I am really enjoying being here tonight with all of you -- but I feel a little like I'm preaching to the choir. I really doubt that anyone here would lift a knife to kill David Ballenger, as three teenagers did on August 9th, or as a 14-year old did against David Paul Ogden in March. I don't believe that anyone in this room would set a homeless immigrant on fire, as two children did in May 1997.
         But children learn their behavior from somewhere. Where have Seattle's children learned that the lives of homeless people are worthless? Where have they learned to fear, hate, and ultimately attack human beings who just look like they're homeless?
         In a City Council hearing on the Park Exclusion law last year, City Attorney Mark Sidran stood up and said, "I hear complaints that most of the tickets given out in the parks are to homeless people. Well, what you have to ask yourself is, who's responsible for most of the criminal behavior?"
         The day before last Thanksgiving, Seattle experienced a terrifying tragedy when a passenger with a gun shot and killed a bus driver, then himself. The bus plummeted off the Aurora bridge. On the basis of a comment that the gunman had been seen at the Union Gospel Mission, the media began printing that this horror was committed by a homeless man. The man, it turned out, was not homeless. The corrections, however, weren't nearly as dramatic as the original rumor was.
         When Seattle's own City Attorney portrays homeless people as criminals and annoyances that the rest of Seattle has to be protected from; when the media is quick to seize on sensationalist stories scapegoating the homeless, do we really have the right to be surprised when our children act on the images we've given them? When other people act on what they are told?

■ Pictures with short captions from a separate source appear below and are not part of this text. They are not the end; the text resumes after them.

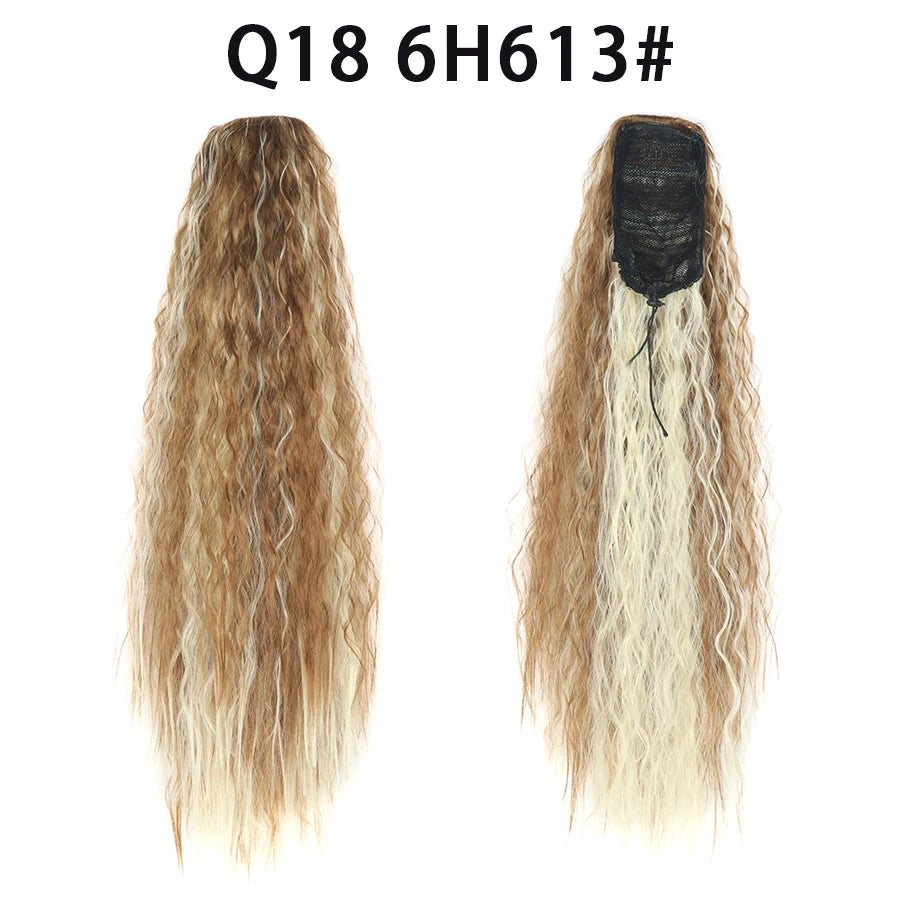22 Inch Drawstring Ponytail Extension Curly Wave Long Ponytail Hair Extension Synthetic Corn Wavy Drawstring Ponytail Extensions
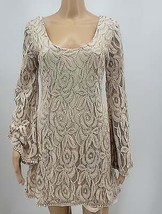 Staring at Stone Bell Sleeve Boho Coffee in the Morning Lace Tunic, Size Medium - £23.59 GBP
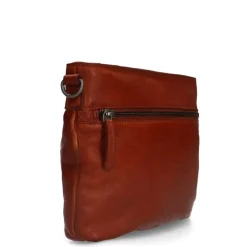 Manfield Cognac leren schoudertas^ Schoudertassen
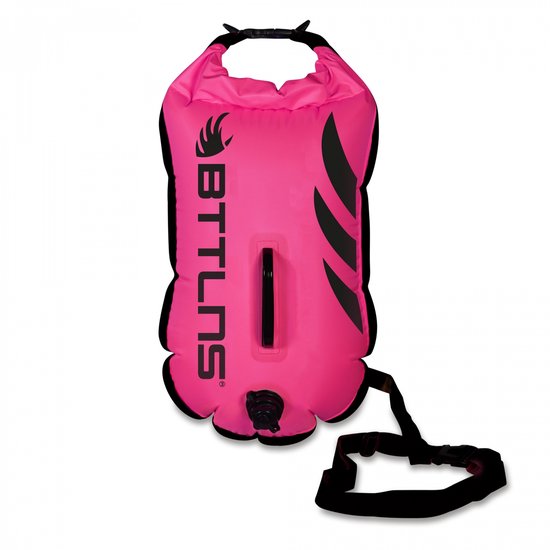 BTTLNS zwemboei voor openwaterzwemmen - Zwem boei met drybag - Compact formaat - Dubbel gelaagd nylon - 20 liter - Amphitrite 2.0 - Roze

         In City Council just this Monday a unanimous vote authorized spending public moneys urgently needed to keep human beings from death this winter, on the implementation of a computerized tracking system to make sure that the bureaucracy knows where everybody is and what services they're getting because the people in need and the wonderful, dedicated people who are helping them *cannot be trusted to know what is actually needed.*
         I work with WHEEL, an organizing effort of homeless and formerly homeless women, and WHEEL has charged me with a message to you here tonight. Making human beings into numbers to be controlled and regimented is a violation, and whenever that violation occurs violence follows. If the government of Seattle dehumanizes people, they are responsible for the results. The results are hatred and death.
         I don't really want anybody to feel sorry for homeless people. If I had a nickel for everybody I've heard feel sorry for homeless people, I could house *everybody*. I'd be just as glad if you got really hot to look out after yourselves. Because hatred and violence are wolves that grow when they're fed. If we allow an environment where *anybody* is in danger of hate violence, then ultimately *everybody* is in danger. If we allow a bureaucracy to tag and regiment the weakest portion of our population, it *will* grow from there.
        
         "First they came for the homeless people, but I was not a homeless person, so I said nothing ..."
        
         What can you do? With every bigotry, you can stand up against it in your own daily life. When ever you hear comments of hate and scapegoating against blacks, gays, women, homeless people or anyone, speak out for the truth.
         Act in your daily life. Don't walk past homeless people as if they're invisible. Look at them, talk to them, include them in community activities. Find a way to include homeless and low-income people in your neighborhood -- wherever you live, there *are* homeless and low-income people in your neighborhood -- include them in your church committees, neighborhood councils, Block Watch.
         Insist that your City government treat every citizen the same. If low-income people are going to get their benefits tracked, the Nordstroms and Paul Allen deserve the same care. Sports fans and concert-goers can get public facilities -- with an equal amount spent on keeping low-income people alive.
         I am also currently working with a coalition of groups which has no formal name, so I am calling us "Sweepless in Seattle." We received a letter from the Mayor just today guaranteeing that there will be no homeless sweeps during WTO. But the Mayor himself has frequently said that he cannot do everything -- he needs public participation. I am asking everyone here to help our Mayor to insure that homeless people in Seattle will not be harassed during WTO -- or any other time.
         Be an activist. That word gets a bad rep, but to me it just means taking action on a problem instead of only complaining about it. While we're talking about words, "responsibility" has been analyzed as "ability to respond". Take responsibility for your community. Let's make Seattle a self-managed city.